Material provided
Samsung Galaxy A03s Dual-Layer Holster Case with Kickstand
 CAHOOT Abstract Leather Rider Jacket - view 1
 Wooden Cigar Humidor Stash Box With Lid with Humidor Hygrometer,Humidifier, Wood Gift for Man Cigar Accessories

Problem statement
Write the listing out again, exactly as it reads.

Exercise response
Samsung Galaxy A03s Dual-Layer Holster Case with Kickstand
 CAHOOT Abstract Leather Rider Jacket - view 1
 Wooden Cigar Humidor Stash Box With Lid with Humidor Hygrometer,Humidifier, Wood Gift for Man Cigar Accessories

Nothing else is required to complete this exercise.